Here’s where the candidates are set to go Monday:

Clinton: Pennsylvania (two stops); Michigan; North Carolina.

Trump: Florida, North Carolina, Pennsylvania, New Hampshire, Michigan.

Five things to watch

The battles in up to a dozen swing states will decide who wins the election. Newsday’s Yancey Roy writes on why close races in about a dozen states make it too close to call, even as some analysts see Clinton as the likelier victor.

The take-away: What-ifs

One thing we’ll never know for sure, writes Newsday’s Dan Janison, is whether Clinton and Trump were the strongest candidates their parties could offer.

They won the primaries, but matchup polls suggested back then that Bernie Sanders was doing better versus Trump and John Kasich was a more formidable foe for Clinton.

On message, offline

Trump’s handlers scored a big success recently in trying to keep him on message: They got him to surrender direct access to his Twitter account, The New York Times reported.

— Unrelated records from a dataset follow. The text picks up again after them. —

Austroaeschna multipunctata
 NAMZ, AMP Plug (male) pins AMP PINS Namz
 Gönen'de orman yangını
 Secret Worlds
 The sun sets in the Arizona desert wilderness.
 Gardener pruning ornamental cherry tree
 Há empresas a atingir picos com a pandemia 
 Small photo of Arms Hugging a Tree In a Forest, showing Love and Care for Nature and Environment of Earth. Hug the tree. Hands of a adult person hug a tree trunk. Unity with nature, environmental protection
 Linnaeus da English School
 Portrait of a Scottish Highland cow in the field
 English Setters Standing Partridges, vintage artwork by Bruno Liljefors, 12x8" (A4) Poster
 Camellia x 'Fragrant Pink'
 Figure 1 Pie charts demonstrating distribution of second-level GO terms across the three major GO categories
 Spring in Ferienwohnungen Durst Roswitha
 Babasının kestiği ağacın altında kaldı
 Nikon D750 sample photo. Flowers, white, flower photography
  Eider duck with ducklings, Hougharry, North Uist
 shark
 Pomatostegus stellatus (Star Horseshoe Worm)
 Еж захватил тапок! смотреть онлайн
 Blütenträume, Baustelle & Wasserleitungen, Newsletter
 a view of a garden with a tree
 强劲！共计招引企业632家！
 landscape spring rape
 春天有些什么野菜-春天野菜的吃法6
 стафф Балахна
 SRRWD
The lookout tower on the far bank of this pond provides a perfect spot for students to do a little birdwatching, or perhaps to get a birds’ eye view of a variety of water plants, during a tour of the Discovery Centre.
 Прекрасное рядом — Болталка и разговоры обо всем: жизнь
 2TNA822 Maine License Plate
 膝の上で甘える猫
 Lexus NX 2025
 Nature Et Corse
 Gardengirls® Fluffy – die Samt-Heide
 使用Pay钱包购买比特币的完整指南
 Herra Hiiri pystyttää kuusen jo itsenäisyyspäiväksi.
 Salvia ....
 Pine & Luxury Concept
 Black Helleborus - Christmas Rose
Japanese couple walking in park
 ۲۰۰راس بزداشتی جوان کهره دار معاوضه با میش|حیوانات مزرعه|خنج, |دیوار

“All my quotes are coming from my speeches,” he said of news stories about his campaign the other day. “And that’s a good thing.”

What else is happening

  • The Anti-Defamation League said that “whether intentional or not,” a Trump ad that portrays an “elite” of “global special interests” arrayed against Americans invoked images and rhetoric used by anti-Semites. The Trump campaign called the criticism baseless.
  • Chelsea Clinton's husband Marc Mezvinsky used his connections with the Clinton family and their charitable foundation to raise money for his hedge fund, according to the latest WikiLeaks dump.
  • Newsday’s 2016 Voters Guide is online with profiles of every candidate and proposition on Long Island ballots.
  • Russia's full role in hacking remains less than fully documented. But what's certain is, this year brought the first full bloom of cyber-disruption in a U.S. election.
  • Gov. Andrew M. Cuomo joined a rally in Melville to call on Democrats to give Clinton an overwhelming victory in New York and help elect the party’s state Senate candidates, Newsday’s David M. Schwartz reports.
  • Bruce Springsteen and Jon Bon Jovi will perform at Clinton’s rally Monday night at Independence Hall in Philadelphia. Also to appear: President Barack Obama, first lady Michelle Obama, former President Bill Clinton and daughter Chelsea Clinton.
  • Trump’s campaign and the Republican National Committee have paid at least $1.8 million to Nathan Sproul, a political operative whose roster of companies includes several that have been repeatedly investigated for voter registration fraud, The Associated Press reported.
  • Running mate Mike Pence said New Jersey Gov. Chris Christie will still lead Trump’s transition team despite the conviction of two former aides Friday in the Bridgegate scandal.
  • Last-minute falsehoods from Trump and spins from Clinton are rounded up in this Washington Post piece.
  • Somali immigrants in Minnesota pose the threat of a "disaster" for the U.S., Trump said.
  • Rudy Giuliani, Newt Gingrich and Reince Priebus, who all looked like had-beens a few months ago, are now  hyped as top appointees in a Trump administration.